Один миг заговорщики застыли в оцепенении, молча, устремив изумленные взгляды на то место, где только что лежал молодой человек. Свет от фонаря падал на их шляпы с перьями, свирепые глаза и дикие лица. Потом они разразились неистовым потоком ругательств, а де Вивонн, схватив мнимого доктора за горло, бросил на землю и придушил бы его, не вмешайся в дело другие бандиты.
— Лживый пес! — орал он. — Так вот оно, твое знание! Негодяй убежал, и мы погибли.
— Это предсмертная агония, — задыхаясь прохрипел Латур. Он поднялся, потирая себе горло. — Говорят вам, раненый где-либо вблизи.
— Это верно. Он не в силах уйти далеко, — согласился де Вивонн. — Кроме того, он безоружен и пеший. Депар и Раймонд де Карнак, стерегите-ка другого молодца, чтобы он также не сыграл с нами какой-нибудь штуки. Вы, Латур, и вы, Тюрбевиль, шарьте по дороге и поджидайте у южных ворот. Если ему посчастливится добрести до Парижа, он не минует этой дороги. Удастся поймать, привяжите сзади к лошади и привезите в условленное место. Во всяком случае, это еще полбеды, так как он чужестранец и случайный здесь человек. Тащите другого в карету, и мы исчезнем прежде, чем поднимется тревога.
Два всадника отправились на поиски беглеца, а де Катина, все еще продолжавшего отчаянно сопротивляться, потащили по сен-жерменской дороге и бросили в карету, стоявшую несколько в отдалении. Трое из всадников двинулись впереди, приказав кучеру ехать следом; де Вивонн, отослав посланного с запиской к сестре, трусил позади кареты среди остальных бандитов.
Несчастный гвардеец, теперь окончательно пришедший в себя, оказался связанным по рукам и ногам пленником в подвижной тюрьме, тяжело тащившейся по плохой дороге. Ошеломленный падением, морщась от боли в ноге, сильно помятой упавшей на него лошадью, он видел, что рана на лбу была сущим пустяком да и кровотечение уже остановилось. Но состояние души у него было куда тяжелее. Опустив голову на связанные руки, он бешено топал ногами, в отчаянии покачиваясь из стороны в сторону. Как он был глуп, беспросветно глуп. Старый солдат, нюхавший порох на войне, он так бесславно попался в идиотскую западню. Король выбрал его в качестве лица, на которого мог положиться, а он не оправдал доверия монарха и даже не обнажил шпаги. И его предостерегали… Советовал же молодой спутник, незнакомый с придворными интригами и поступавший по указке только своего природного ума, быть осторожнее. В глубоком отчаянии де Катина упал на кожаную подушку сиденья.

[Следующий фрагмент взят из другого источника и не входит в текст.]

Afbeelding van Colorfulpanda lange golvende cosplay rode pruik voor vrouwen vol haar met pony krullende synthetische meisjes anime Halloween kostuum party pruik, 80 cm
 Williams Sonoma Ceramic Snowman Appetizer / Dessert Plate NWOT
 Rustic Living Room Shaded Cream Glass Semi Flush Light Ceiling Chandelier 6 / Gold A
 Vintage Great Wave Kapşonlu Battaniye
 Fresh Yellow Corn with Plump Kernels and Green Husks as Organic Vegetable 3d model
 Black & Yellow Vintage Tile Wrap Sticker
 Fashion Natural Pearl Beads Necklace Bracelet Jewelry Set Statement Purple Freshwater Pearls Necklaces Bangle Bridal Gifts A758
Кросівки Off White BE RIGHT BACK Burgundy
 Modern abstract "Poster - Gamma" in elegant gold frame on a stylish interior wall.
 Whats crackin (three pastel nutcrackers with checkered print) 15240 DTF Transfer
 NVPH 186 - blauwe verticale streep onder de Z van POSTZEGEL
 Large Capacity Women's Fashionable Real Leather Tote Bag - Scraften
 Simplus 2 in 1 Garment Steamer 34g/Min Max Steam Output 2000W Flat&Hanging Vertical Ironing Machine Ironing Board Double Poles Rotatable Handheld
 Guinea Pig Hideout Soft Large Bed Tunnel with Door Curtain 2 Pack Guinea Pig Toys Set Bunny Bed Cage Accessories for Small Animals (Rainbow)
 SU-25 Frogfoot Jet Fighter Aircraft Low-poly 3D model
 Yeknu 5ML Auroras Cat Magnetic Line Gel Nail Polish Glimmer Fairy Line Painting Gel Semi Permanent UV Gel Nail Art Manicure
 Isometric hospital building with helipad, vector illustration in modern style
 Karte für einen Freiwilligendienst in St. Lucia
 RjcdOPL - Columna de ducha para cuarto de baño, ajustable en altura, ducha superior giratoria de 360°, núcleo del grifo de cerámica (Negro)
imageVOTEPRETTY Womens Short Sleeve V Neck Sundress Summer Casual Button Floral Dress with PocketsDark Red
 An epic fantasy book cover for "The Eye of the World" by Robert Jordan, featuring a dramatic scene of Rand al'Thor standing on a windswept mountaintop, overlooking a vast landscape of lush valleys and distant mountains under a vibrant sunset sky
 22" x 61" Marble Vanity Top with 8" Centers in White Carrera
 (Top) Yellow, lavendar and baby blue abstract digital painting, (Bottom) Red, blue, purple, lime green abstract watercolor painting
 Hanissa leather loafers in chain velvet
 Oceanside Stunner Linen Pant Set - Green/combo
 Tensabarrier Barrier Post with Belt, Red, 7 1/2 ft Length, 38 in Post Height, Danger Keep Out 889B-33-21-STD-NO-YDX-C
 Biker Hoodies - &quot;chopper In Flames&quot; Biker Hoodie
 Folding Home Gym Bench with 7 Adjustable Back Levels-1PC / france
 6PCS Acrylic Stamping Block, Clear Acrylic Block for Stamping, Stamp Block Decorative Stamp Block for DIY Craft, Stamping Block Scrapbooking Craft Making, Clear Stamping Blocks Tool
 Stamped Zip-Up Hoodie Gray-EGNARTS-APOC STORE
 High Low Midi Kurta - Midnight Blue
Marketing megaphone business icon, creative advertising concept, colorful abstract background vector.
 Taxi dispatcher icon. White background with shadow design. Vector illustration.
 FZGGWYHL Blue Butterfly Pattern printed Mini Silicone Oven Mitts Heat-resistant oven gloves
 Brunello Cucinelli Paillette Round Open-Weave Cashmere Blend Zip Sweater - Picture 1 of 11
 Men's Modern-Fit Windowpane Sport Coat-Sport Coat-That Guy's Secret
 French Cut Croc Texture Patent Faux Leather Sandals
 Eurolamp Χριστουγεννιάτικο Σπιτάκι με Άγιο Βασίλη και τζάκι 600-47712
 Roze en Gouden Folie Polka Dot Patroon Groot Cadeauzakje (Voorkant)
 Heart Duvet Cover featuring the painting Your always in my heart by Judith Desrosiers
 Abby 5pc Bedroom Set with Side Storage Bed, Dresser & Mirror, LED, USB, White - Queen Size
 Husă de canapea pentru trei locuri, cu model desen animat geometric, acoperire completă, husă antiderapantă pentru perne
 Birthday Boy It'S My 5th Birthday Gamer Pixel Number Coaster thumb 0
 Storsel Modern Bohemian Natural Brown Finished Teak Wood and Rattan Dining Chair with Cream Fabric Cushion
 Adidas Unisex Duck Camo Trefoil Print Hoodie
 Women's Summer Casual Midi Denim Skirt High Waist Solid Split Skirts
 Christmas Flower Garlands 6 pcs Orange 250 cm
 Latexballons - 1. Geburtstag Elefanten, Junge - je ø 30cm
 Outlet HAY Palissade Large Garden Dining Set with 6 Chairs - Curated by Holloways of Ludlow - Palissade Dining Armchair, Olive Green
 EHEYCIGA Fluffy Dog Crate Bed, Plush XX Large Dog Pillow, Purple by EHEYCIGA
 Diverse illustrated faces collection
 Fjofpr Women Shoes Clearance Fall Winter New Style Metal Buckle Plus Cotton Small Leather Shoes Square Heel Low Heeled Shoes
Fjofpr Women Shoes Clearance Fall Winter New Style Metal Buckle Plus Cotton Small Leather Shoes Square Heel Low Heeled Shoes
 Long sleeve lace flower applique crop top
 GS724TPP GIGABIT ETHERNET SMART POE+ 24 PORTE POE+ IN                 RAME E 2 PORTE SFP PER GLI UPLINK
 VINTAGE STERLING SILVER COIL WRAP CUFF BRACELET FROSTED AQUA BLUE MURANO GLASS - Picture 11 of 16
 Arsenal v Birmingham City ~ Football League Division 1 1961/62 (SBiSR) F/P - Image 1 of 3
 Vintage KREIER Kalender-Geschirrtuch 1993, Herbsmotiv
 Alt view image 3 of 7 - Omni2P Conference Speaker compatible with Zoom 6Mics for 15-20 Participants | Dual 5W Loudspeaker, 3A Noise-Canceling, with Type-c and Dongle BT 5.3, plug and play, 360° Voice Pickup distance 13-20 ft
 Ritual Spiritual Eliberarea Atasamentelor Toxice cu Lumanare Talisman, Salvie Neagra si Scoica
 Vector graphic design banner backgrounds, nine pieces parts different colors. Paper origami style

Но затем к нему постепенно вернулся здравый смысл, связанный у кельтов так тесно с порывистостью. Дело, конечно, следует еще обмозговать: нельзя ли как-нибудь его поправить? Амос Грин исчез. Это уже один выгодный плюс. И он слышал приказ короля и понимал его значение. Правда, он не знал Парижа, но человек, умевший ночью находить дорогу в мэнских лесах, наверно, не затруднится разыскать известный дом архиепископа Парижского. Но внезапно сердце де Катина сжалось при одной мысли: городские ворота запирались в восемь часов, а теперь уже около девяти. Ему, де Катина, мундир которого служил сам по себе пропуском, легко было попасть в Париж. Но можно ли надеяться на пропуск Амоса Грина, чужестранца и штатского? Это невозможно, совсем невозможно. А между тем, несмотря на все, у него где-то копошилась смутная надежда, что такой энергичный и находчивый человек, как Грин, найдет выход из этого затруднительного положения.